I would like to use an asymmetric rather than symmetric signature for authorization, since I don't want a compromised service being able to forge authorization tokens (obviously). An authorization token is generated by an authentication server for a specific set of services, and returned to the client, always transported as a base64 encoded string. After expiry, the principal must re-authenticate to retrieve a fresh token.
I need to handle a high volume of very small stateless HTTP-REST requests (potentially several a second per client), and I'm conscious of the overall size of the token saturating the network. Currently I'm (randomly) considering using 2048-bit RSA with SHA-256, but further reducing this overhead would be great.
Since a given token will always expire within at most 15 minutes, it dawned on me that it should be possible to use an even smaller key/hash by regularly generating new key-pairs.
Services would periodically poll a key provider service to retrieve the current and next public key, and a byte or so of the token would identify the key used to sign it.

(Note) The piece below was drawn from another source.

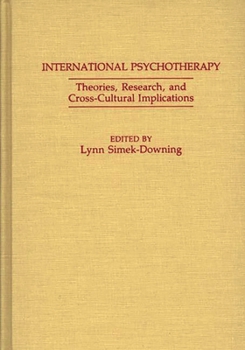 Hardcover International Psychotherapy: Theories, Research and Cross-Cultural Implications Book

Is my assumption correct? Can I stoop to as low as 1024-bit keys? I vaguely recall that there is a break for RSA <= 512 bits, how severe is it, and could one compensate by rotating the keypairs faster?
I'm not married to either RSA or SHA256, but I am dependent on OpenSSL.
I'd like to first ensure my reasoning is sound, and second, to solicit any algorithm/key-sizes/alternative techniques that would be considered good practice in this situation.